I am aware of the fourth agreement as I go through my days, as I consider the following: am I doing enough? Am I doing too much? What priority in choice of words or actions will lead to the best result I can achieve? Hopefully, that awareness and effort is keeping me on a path that will be best for myself and for others.

So when your expectations of yourself and others may be too high, and your perfectionistic tendencies increase out of control, or when you want to push yourself harder to get things done, or when you want to quit and do nothing, at those times stop and ask yourself if you are truly doing your best—then relax your mind, take a few comfortable deeper breaths, and get inspired.

Third agreement: Don’t Make Assumptions


“Find the courage to ask questions and to express what you really want. Communicate with others as clearly as you can to avoid misunderstandings, sadness, and drama. With just this one agreement, you can completely transform your life.” – The Four Agreements

“What do you mean, you don’t want my pumpkin pie??” (see below!)

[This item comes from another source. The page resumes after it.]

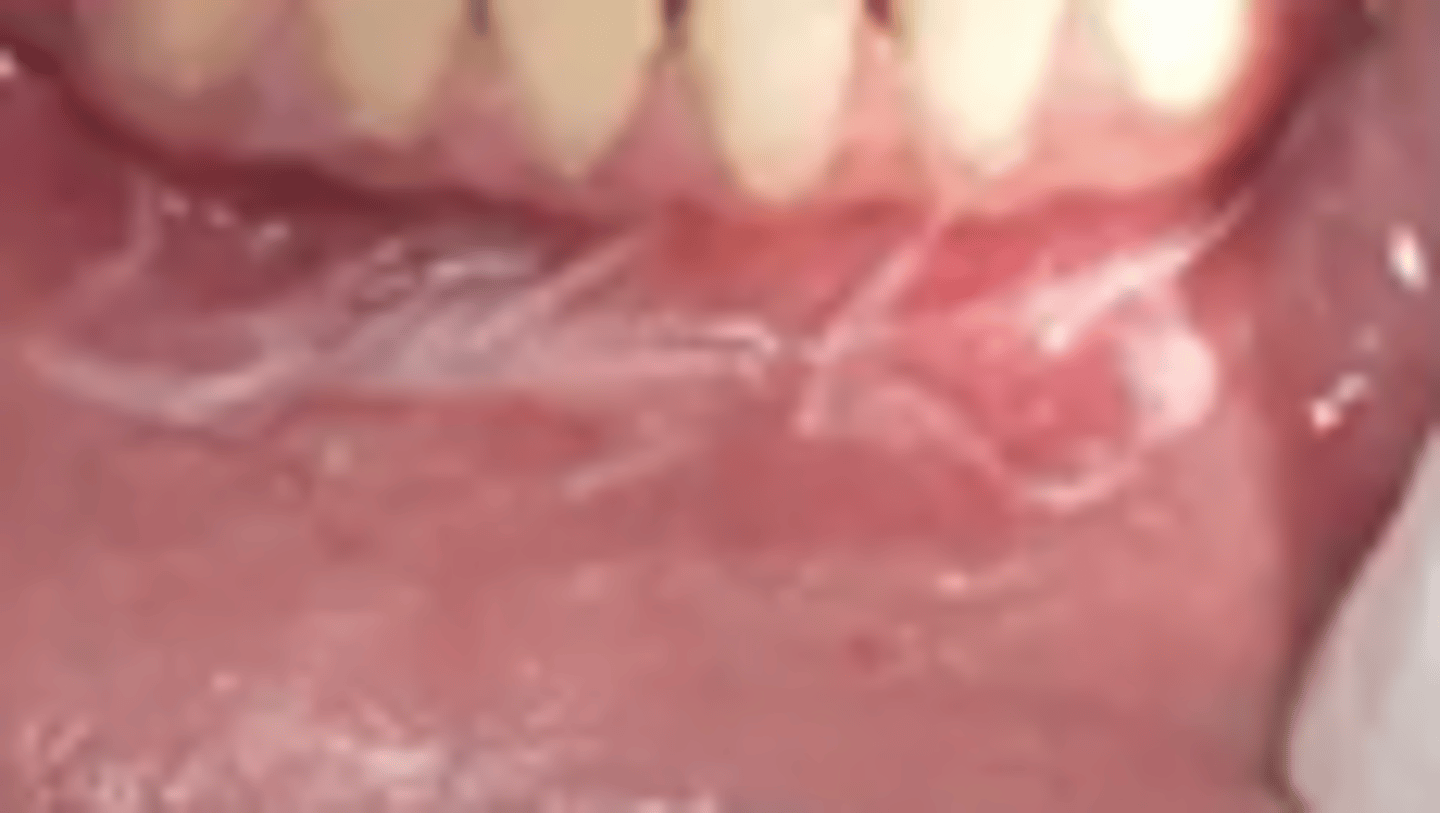 <p>translucent-whitish film that removes with gentle pressure </p><p>• string-like</p><p>• type of mucositis</p>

It is very easy to fall into making assumptions. I believe as the change in our communication is happening more rapidly through technology the third agreement, “Don’t make assumptions”, will get harder and harder to implement. Today’s very rapid pace of communication through technology is decreasing the interaction between people and making people instead interact with their own thoughts, so the conversations end up being one-sided. You speaking with you!

When was the last time you looked at Facebook or Instagram and assumed from the pictures there that person was having the time of her/his life, while not knowing their reality?

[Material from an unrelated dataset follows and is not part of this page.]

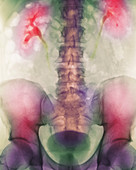 Coloured X-ray of a kidney stone in a ureter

And have you ever received a text message and thought you knew exactly what it was saying, only to find out that the sender’s intention was quite different?

We are thinking and thinking… What is she doing? What is he doing? What about this? What if?… Every human can think a lot and this may cause worry, fear, and anxiety. From there, we start to create the assumptions and the drama yet we don’t always know where it started.

Yes, we often can assume a lot of information based on our own interpretations, beliefs, moods, or values.

A client of mine was working on managing his relationship with food, but was faced with his mother having given him a “CARE package” after Thanksgiving, with a complete pumpkin pie being the main event along with many other goodies. We had a heartfelt discussion of what food means to my client – and his perception of what it might mean to his mother.

He was afraid to tell her that he would rather not have such a large amount of food all at once, because he thought his mother would feel deeply hurt and not loved.

After looking at the situation together, my client and I agreed he would be open and have a heart-to-heart discussion with his mother. He understood that speaking clearly and openly, instead of making assumptions, would lead to a better result and a closer relationship.

In this and many other life situations, imagine instead of just being in your head, speaking openly and looking and gaining for mutual clarification while getting what you really need. How freeing that is!

Perhaps at times initiating such open conversations may not feel safe but I assure you, you can start with small steps, and you will see how this can transform your life. Here are some suggestions that can help:

  • Find out more information about the situation
  • Don’t expect anyone to read your mind
  • Know that you are also not a mind reader
  • Communicate clearly, openly, and honestly
  • Ask for what you want and need

During your interactions with people this holiday season, be aware of your own thinking. You can truly enjoy not making assumptions, and you will experience the positive results that you create. Of course this principle is not only for the holidays; it applies to your whole life. Honest and open relationships are what make our lives meaningful, and filled with love.